Intermediate Runtime Languages and the Abstract Tree of Abstraction

Many times we find ourselves running around in circles, not because we don't know better, but because we are on a closed track and have nothing better to do. That almost captures my feelings towards the JavaScript language games I've been playing. The idea of targeting a high level language as the architecture on which software can be compiled seems counter intuitive. Obviously the abstraction must make every operation so much more costly. How could any code produced for a HLL be faster than what a human could write by hand?

This enters into the strange world of abstract machine representations and the limits of compiler technology. Years ago, I came across a Forth2C compiler which boasted faster speeds than C for many applications. This claim at face value seemed ridiculous, how could a language compile to a language and generate code faster than the host language? The answr lay in what the compiler could do that no human C programmer would.

The resulting C code was an unreadable listing of a single function filled with goto statements and address labels. The C code was essentially a high level assembler listing designed to target many of the sweet spots of the compiler technology of the day. It did a SSA pass before most C compilers could, did branch optimization in ways no human would, and produced the sort of spaghetti code no human would want to maintain. But as a intermediate representation that could be compiled to a wide range of architectures, C was a great language. And since the programmer was maintaining the Forth and not the Generated C code, the human factor did not have to deal with the complexity of the intermediate representation.

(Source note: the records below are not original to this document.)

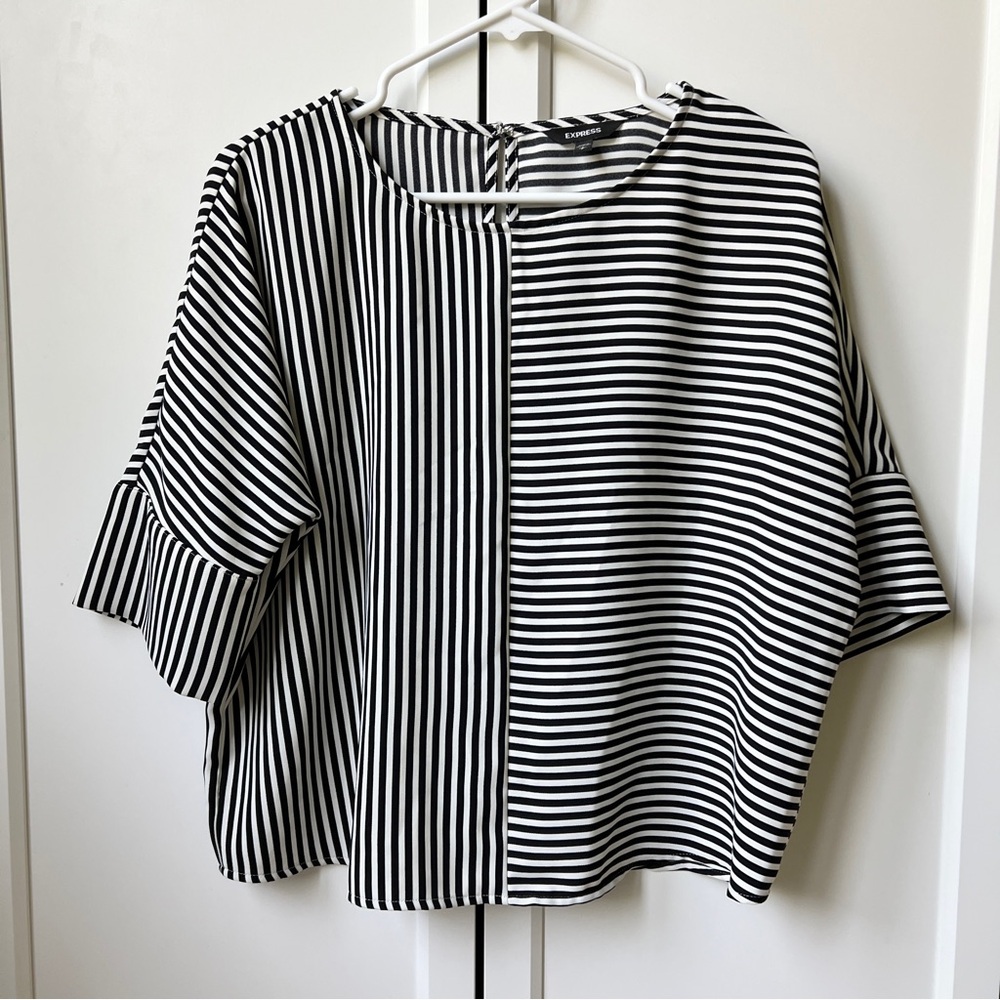 Express | Boxy Top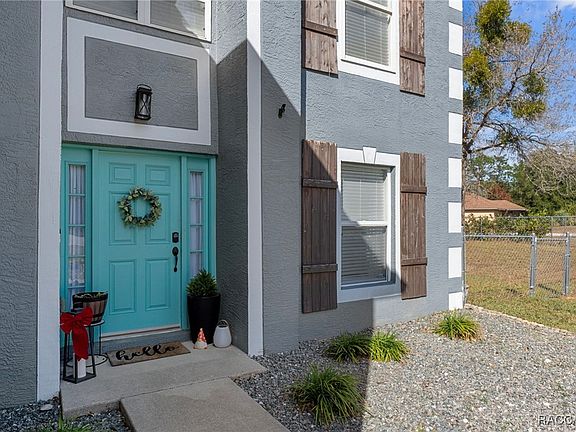 3rd image of 2925 W Century Blvd
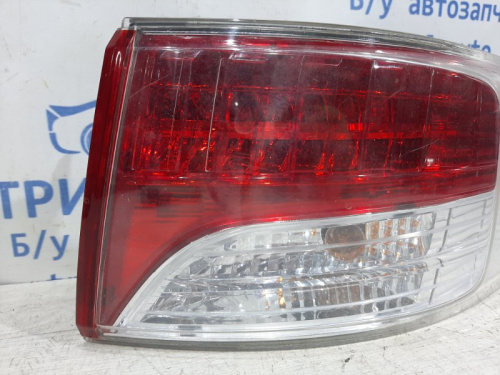 Фото запчасти 8155105250 Фонарь задний внешний правый Avensis T27
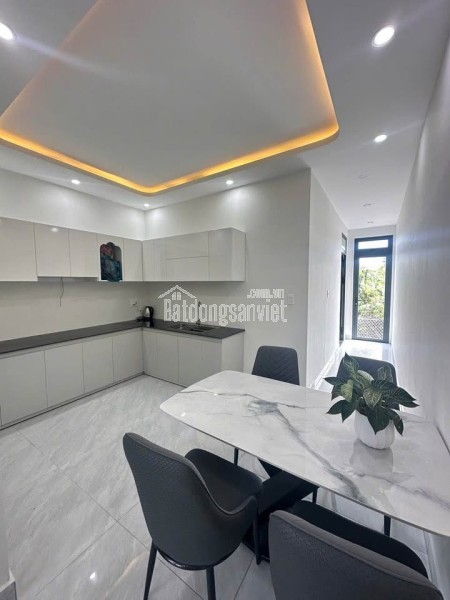 BÁN NHÀ ĐẸP MỚI XÂY CAO THẮNG ĐÀ LẠT - XÂY DỰNG PHÂN QUYỀN CHƯA ĐẾN 4 TỶ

This is the same thinking behind languages which target the JVM or JavaScript. By targeting a platform that has a peculiar set of complicated optimization characteristics but wide availability one may actually gain both portability and performance enhancements through translation. By providing convenient abstractions that compile down to forms that are more suitable for JIT compilation, the additional level of abstraction can help programmers avoid writing code which is difficult to optimize. It is not that human programmers are incapable of writing efficient code, just that by making it easy to do so we remove the barrier which is the specialized knowledge and attention to detail.

This problem space grows even more complicated when on realizes different target JS engines have wildly different performance characteristics. Building a differentiating optimizer which can conver common forms to engine specific representations can also help alleviate the proliferation of optimization techniques necessary to produce performant code across multiple browser platforms. This efficient management of programmer time by shifting the cognate the burden from one level of abstraction to another is a fundamental precept of all computer language development.

Each bifurcation of the platform hints at a long term trend, unification through successive layers of translation. As the quantity of hardware and software platforms grow over time, and the use of heterogeneous networks become common place, no single abstract virtual machine, high level scripting language, or meta object system will work. Languages like Ometa, demonstrate a formal methodology for describing these linguistic systems, which hints at the lessons learned by Forth: a unified language will always produce domain specific / problem oriented language which will become the basis of the mental model of a programmer in a given context.

The meta language which will win will be the first to purge itself of the structural components based upon the underlying platform.